One of the biggest cryptocurrency scams in history was OneCoin. It was founded by Karl Sebastian Greenwood and Ruje Ignatova, who known as the "Cryptoqueen". They created OneCoin, which operated as an MLM network. MLM stands for multi-level marketing and is also known as network marketing or direct sales. It is a business model based on the use of a network of independent distributors for marketing and selling products or services. The main feature of MLM is the multi-level sales force structure, where distributors receive a commission not only on their own sales, but also on the sales made by the distributors they recruit and introduce to the network. Within this network, members received commissions for recruiting others to purchase cryptocurrency packages. This MLM structure has contributed to the rapid growth of OneCoin's membership network. This Ponzi scheme promised high returns on investment in a digital currency that did not exist, and encouraged investors to recruit more people to invest in this scheme.

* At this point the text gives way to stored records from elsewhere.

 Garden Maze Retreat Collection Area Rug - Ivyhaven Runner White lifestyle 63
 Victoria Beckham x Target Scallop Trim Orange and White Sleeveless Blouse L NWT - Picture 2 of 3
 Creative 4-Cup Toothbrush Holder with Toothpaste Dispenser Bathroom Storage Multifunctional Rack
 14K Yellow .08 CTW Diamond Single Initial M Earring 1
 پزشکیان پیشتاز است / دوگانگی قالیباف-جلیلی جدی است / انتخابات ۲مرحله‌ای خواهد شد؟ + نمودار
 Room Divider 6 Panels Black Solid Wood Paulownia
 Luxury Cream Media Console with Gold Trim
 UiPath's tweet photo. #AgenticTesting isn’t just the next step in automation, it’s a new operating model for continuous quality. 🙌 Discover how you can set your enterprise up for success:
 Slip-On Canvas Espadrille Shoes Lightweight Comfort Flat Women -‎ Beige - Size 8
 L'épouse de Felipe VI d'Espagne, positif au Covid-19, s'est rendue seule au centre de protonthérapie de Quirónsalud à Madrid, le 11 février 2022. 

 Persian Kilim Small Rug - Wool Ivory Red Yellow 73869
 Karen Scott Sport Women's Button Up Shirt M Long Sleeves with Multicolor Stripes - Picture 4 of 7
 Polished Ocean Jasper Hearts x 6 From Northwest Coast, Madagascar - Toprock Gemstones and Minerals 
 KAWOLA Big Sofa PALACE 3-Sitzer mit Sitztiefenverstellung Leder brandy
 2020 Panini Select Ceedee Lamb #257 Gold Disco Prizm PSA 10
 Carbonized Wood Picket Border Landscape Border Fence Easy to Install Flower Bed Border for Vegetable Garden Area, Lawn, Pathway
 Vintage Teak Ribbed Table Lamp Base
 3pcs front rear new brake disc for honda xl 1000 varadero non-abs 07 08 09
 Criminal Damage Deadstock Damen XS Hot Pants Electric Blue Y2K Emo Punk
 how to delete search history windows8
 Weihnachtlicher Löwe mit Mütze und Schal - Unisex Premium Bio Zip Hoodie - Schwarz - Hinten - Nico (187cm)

When the scheme collapsed, investors lost billions of dollars.
Another interesting Ponzi scheme was the Dekado Coin; masterminded by Divyesh Darji, Ranjeet Saxena and their partners. It emerged with a catchy enough tagline “Anyone who says there is nothing like earning free bitcoin is wrong”. Dekado was a unique case as it managed to scam people twice. The introductory sessions promised 40-70% monthly returns on Dekado Coin. However, when a global user base; especially from India, Indonesia, the Netherlands, and the African continent; came on board soon after the launch, the website went down. People could no longer access their accounts on the website Dekado.io. In April 2018, Darji and his team launched another website called Dkdpower2all.io, and Saxena, Darji’s partner, promised that the Dekado.io investors would get their crypto back. But that never happened. These scams have affected the digital asset market.
When a Ponzi scheme approaches the moment of disclosure or breakdown, the creator may use various tactics, such as:
Disappearing with money,
transfer of investors to a new or existing storage unit, which is eventually liquidated,
the creation of a new management board, which may include the creator or a selected group of investors,
sale of business,
satisfying investors' complaints by returning money,
attempting to influence, manipulate and redirect any regulatory inquiry into the scheme to gain investor loyalty.
Looking at it from a number point of view, at least 60 Ponzi schemes were discovered in 2019, involving more than $3 billion in investor funds. Due to Covid-19, the number of Ponzi schemes discovered dropped significantly in 2020. In 2021, only 34 Ponzi schemes were discovered. The number of Ponzi schemes discovered increased again in 2022 with 57 schemes uncovered. This represents an almost 70% increase compared to the 34 schemes discovered in 2021. The total value of all 57 schemes was $5.3 billion in investor funds. An intriguing conclusion from the data shows that more than 25% of the revealed Ponzi schemes were closely related to cryptocurrencies, with many promoting supposedly high returns from digital asset trading. It is not surprising that these schemes were often global in scope and involved large sums of money. In fact, despite accounting for only about a quarter of the identified schemes in 2022, the total funds at risk in these cryptocurrency-related schemes amounted to nearly $3 billion, which accounted for more than half of the $5 billion total for the 57 schemes uncovered that year. Given the decline in cryptocurrency prices since mid-2022 and ongoing regulatory oversight, it can be assumed that this trend is likely to continue into 2023 as well.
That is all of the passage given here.